Zeynep Hanım ağlayarak secdeye kapandı. Öylece kalakaldı. Birden sesler kesildi. Stadyumdaki gençlerin seslerini duyamaz oldu. Köpeklerin sesleri de yok olmuştu. Şehitlerin ölüm acısını duymayacağını düşünerek öldüğünü sandı.

Ama nefes alıyordu. Nefes aldığını biliyordu. “Ölüm böyle bir şey mi acaba?” Diye düşündü! Bakmalıydı. Başını secdeden kaldırıp bakmalıydı. “Ama ölen kişi, dünyadaki canlıları nasıl görür ki?” Diye aklından geçirdi. “Olsun! Yine de bakmalıyım!” Dedi.

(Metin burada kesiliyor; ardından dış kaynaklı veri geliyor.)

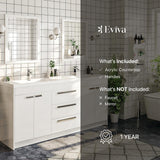 Eviva Lugano 60 in. W x 19 in. D x 36 in. H Double Bath Natural Oak Vanity with White Acrylic Top and Integrated Sinks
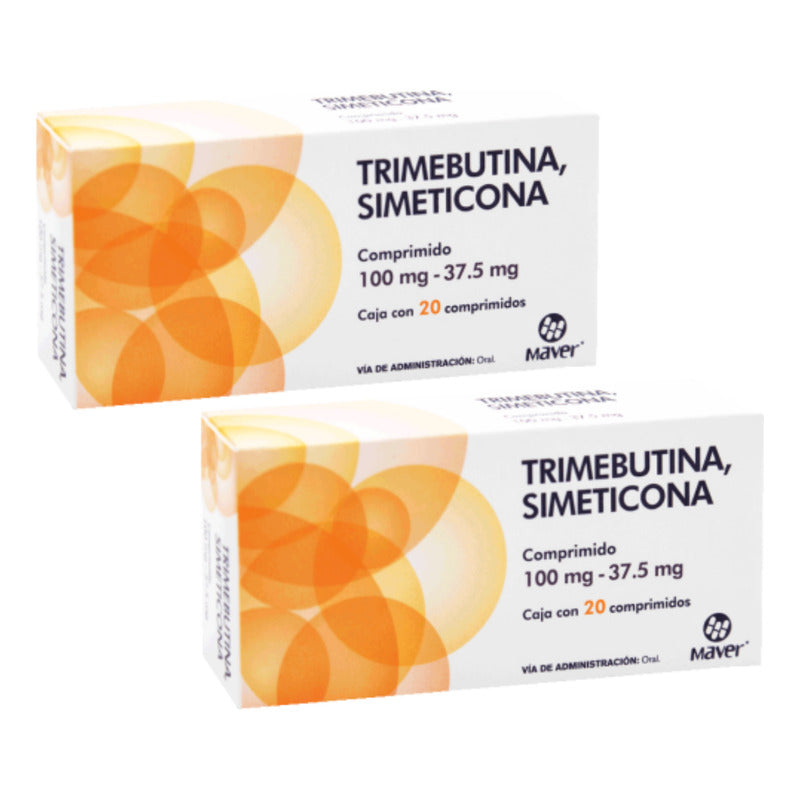 Trimebutina Simeticona 100/37.5mg 2 Cjas 20 Tabs C/u Maver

Usulca secdeden başını kaldırıp sağına doğru çevirdi. Gördüğü manzara karşısında adeta donup kaldı. Nutku durmuştu. Ama gördüğü şey gerçekti. Ağlıyordu. Hem de sicim gibi gözünden yaşlar boşalıyordu.
    
Sonra başını sol tarafına çevirdi. Manzara aynıydı. O da ağlıyordu. Kendisine doğru ağzından salyalar dökerek koşan iki köpek, sağında ve solunda tıpkı kendisi gibi secdeye kapanmış ağlıyordu.
Tüm kâinat susmuştu. Bu manzara Rabbin bir ihtişamıydı.    

2.Anekdot:

Ya rengârenk helezonlar? Beyaz, aydınlık… Kırmızı, aşk… Siyah, buhran… Yeşil, solunum… Mavi, huzur… Gri, gaflet… Pembe, düş… Kahverengi, nefs… Renklerle yaşıyor insan… Labirentin sonunu yaşarken gören yok ama sonsuz da değil… Adı ecel…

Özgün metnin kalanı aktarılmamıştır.